_How to complete this task:_ Omit all pictures, then repeat the listing exactly.

_Provided material:_
● ● ● ●

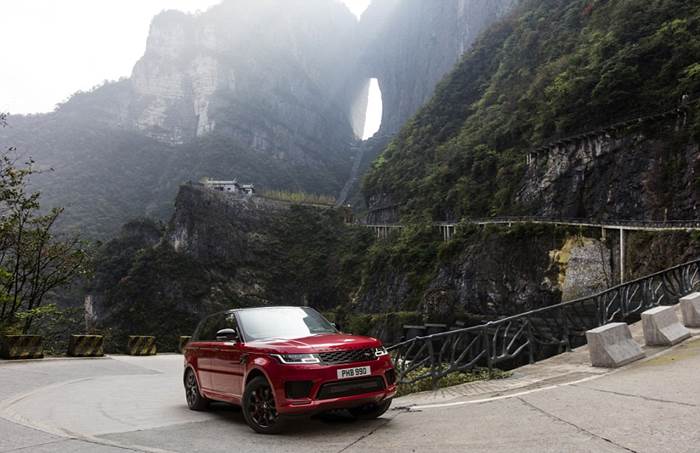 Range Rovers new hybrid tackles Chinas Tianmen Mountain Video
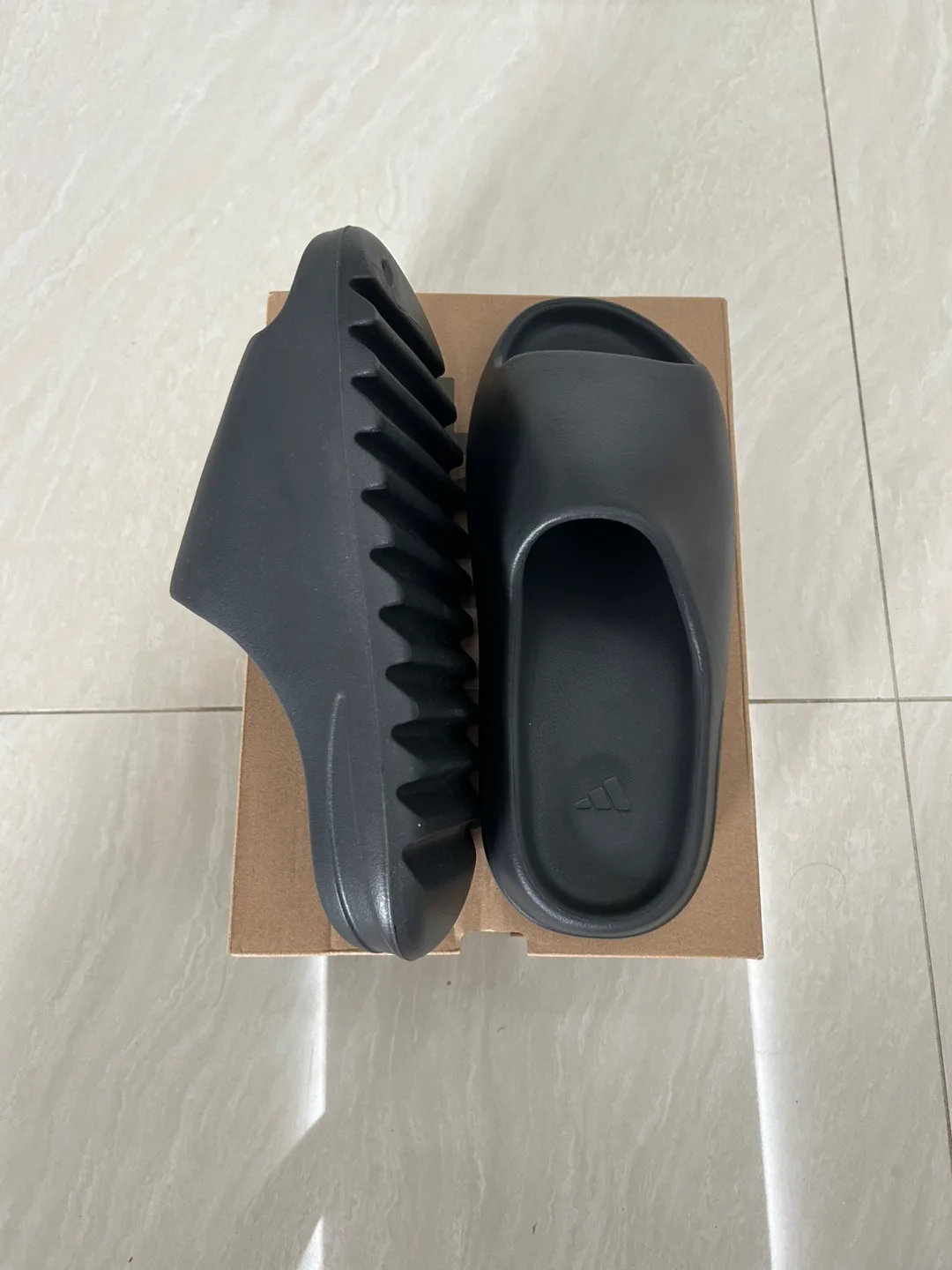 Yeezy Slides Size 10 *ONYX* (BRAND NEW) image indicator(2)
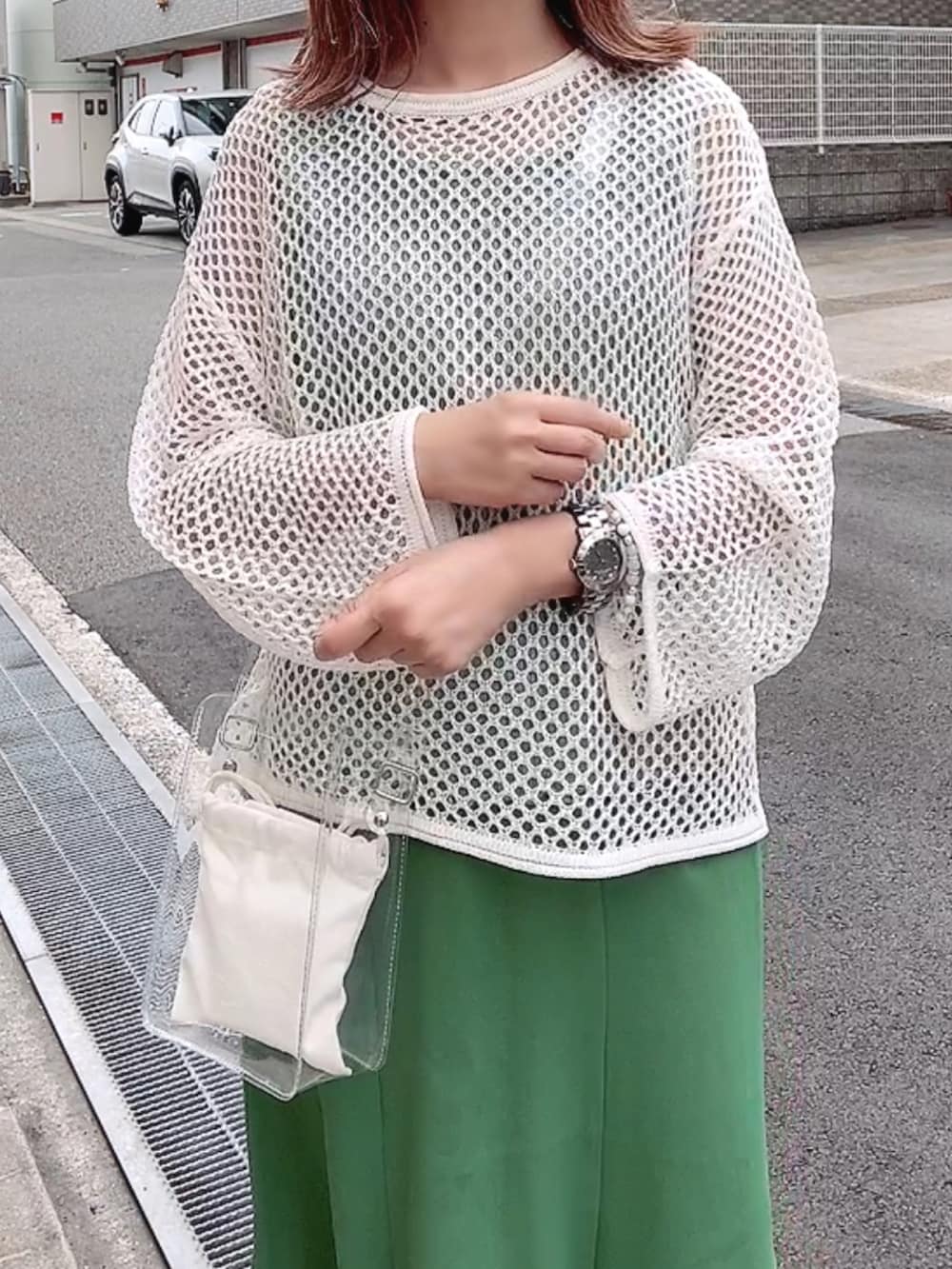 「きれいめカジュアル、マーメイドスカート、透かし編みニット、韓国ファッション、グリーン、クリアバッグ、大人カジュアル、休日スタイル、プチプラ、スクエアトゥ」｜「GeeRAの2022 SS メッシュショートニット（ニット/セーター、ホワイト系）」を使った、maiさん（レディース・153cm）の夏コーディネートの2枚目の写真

● ● ● ●

_Response to this task:_
 Range Rovers new hybrid tackles Chinas Tianmen Mountain Video
 Yeezy Slides Size 10 *ONYX* (BRAND NEW) image indicator(2)
 「きれいめカジュアル、マーメイドスカート、透かし編みニット、韓国ファッション、グリーン、クリアバッグ、大人カジュアル、休日スタイル、プチプラ、スクエアトゥ」｜「GeeRAの2022 SS メッシュショートニット（ニット/セーター、ホワイト系）」を使った、maiさん（レディース・153cm）の夏コーディネートの2枚目の写真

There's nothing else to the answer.